Além de anunciar a casa de passagem, também foi falado ao público presente que existe hoje na cidade uma conversa com delegados do município para que seja possível levar o Prodesp, que é o sistema onde são registrados os boletins de ocorrência, para dentro do CREAS (Centro de Referência Especializado em Assistência Social), com toda a estrutura do acolhimento da mulher, além da capacitação da rede de atendimento nas delegacias.

 

O presidente da Câmara, Gervásio Batista Pozza (PT), ressaltou a importância da audiência e das conquistas anunciadas. “As mulheres têm muito direito adquirido, mas poucos deles são cumpridos corretamente, por isso, nós da Câmara, realizamos esta audiência, a fim de discutir e buscar soluções. É muito gratificante ver que saímos daqui já com metas, objetivos e grandes conquistas”.

 

A deputada estadual pelo PT Márcia Lia ressaltou, durante sua palestra, sobre a importância do respeito: “O que queremos? Respeito, que é o que todo ser humano quer. E como a gente materializa o respeito? Dando dignidade para as pessoas. Hoje, nós mulheres, somos 52% da população brasileira; somos arrimo de família, sofremos violência, somos estupradas, desrespeitadas dentro das delegacias e muitas vezes, por não termos onde ir, nos sujeitamos à violência. Por isso temos que lutar, lutar para que nossa sociedade seja igualitária”.

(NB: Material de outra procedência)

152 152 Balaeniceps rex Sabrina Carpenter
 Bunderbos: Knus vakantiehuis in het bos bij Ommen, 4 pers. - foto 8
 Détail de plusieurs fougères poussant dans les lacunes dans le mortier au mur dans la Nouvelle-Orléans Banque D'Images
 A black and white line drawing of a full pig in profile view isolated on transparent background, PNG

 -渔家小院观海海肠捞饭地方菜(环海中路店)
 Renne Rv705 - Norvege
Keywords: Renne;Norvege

Já a deputada federal pelo PT Ana Perugini, destacou o quanto a violência destrói a mulher, não só fisicamente, pois tira dela, também, a sua dignidade. “O que devemos fazer é nos respeitar primeiro, porque a violência doméstica dá vergonha, a violência tira da mulher sua dignidade. Por isso o que temos que fazer hoje é promover a nossa própria libertação e das nossas companheiras, e deixarmos de ter vergonha, porque não somos culpadas. E o homem precisa ser tratado sim, mas não pode deixar se ser punido. Trate e puna, matou é homicídio, agora é feminicídio, crime hediondo. Bateu é lesão corporal”, ressaltou a deputada.